Uma has another exemplar of the religious life besides the nuns. Her widowed aunt Mira stays with them annually on a circuit of family visits. During her stay she does not share their meals: regarding their kitchen as polluted, she has a rudimentary stove built for her in the backyard and cooks her own vegetarian meals.
Mira’s main occupation in life is temple-visiting. On one such visit she takes the young Uma along. Although Uma’s parents are nominally Hindu, they practice only the barest observances. Like the nuns’ prayers, the rituals Uma sees performed at the temple disturb her, touching her deepest being.
Mira also takes the child for a ritual bath in the Ganges. With a confidence born of holy innocence or perhaps just ignorance, assuming without question that the waters will sustain her, Uma wades into the river beyond her depth and is pulled out unconscious, drowning.
Aunt Mira grows old and her health begins to fail. Uma is allowed to accompany her to an ashram in the hill country. A new world opens itself to Uma’s gaze, the world of India’s countless pilgrims. At the ashram, in the grip of fever, Mira announces to her: “You are the Lord’s [i.e., Shiva’s] child. The Lord has chosen you. You bear His mark.” Shaken by these words, Uma falls into another of her fits. Among the people of the ashram there is new respect for her: Has this dull-looking young woman indeed been called? As for Uma, she lies in the dark listening to the dogs bark:
…Other dogs—in distant villages, out along the river bed and over in the pampas grass, or the wayside shacks and hovels by the highway—barked back.

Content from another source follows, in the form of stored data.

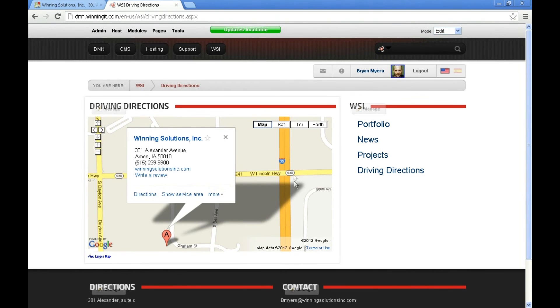And now you can see we have our Google Map embedded in our website. You can get directions, show services — there are all the features of Google Maps, right here in our .NET Nuke website. That ends today's tutorial.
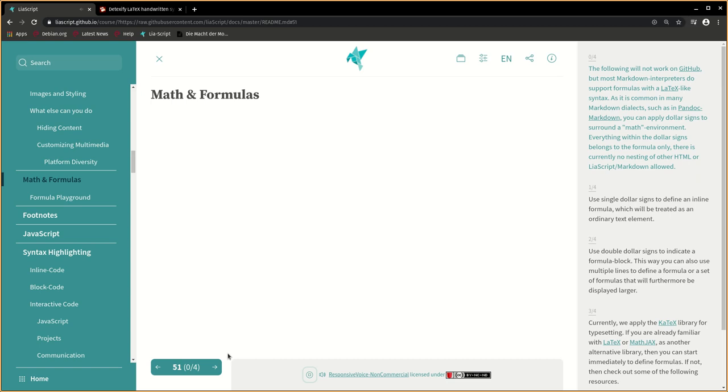Such as in Pandark Markdown, you can apply dollar signs to surround a math environment. Everything within the dollar signs belongs to the formula only. There is currently no nesting of other HTML or LIA script Markdown allowed.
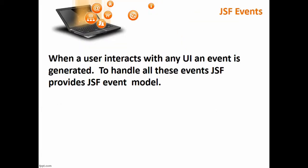When a user interacts with any UI, an event is generated, and to handle all those events, JSF provides a JSF event model.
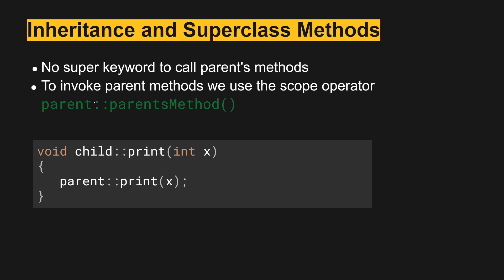Whatever the parent class name is, we give it that to resolve it and then the parent's method that we want to access. For example, in child print, if we wanted to call the parent's print function inside of it, we would use parent::print, where parent is the class name of the parent.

They howled long messages to each other. Their messages travelled back and forth through the night darkness which was total, absolute. Gradually the barks sank into it and drowned. Then it was silent. That was what Uma felt her own life to have been—full of barks, howls, messages, and now—silence.
A turning point seems to have arrived, when the confusion, humiliation, and resentment that have characterized Uma’s life hitherto can subside, and she can take up whatever role of obscure service the ashram offers. Instead, a cousin arrives at the gate, charged by MamandPapa with saving the erring daughter and bringing her home. Meekly Uma follows him.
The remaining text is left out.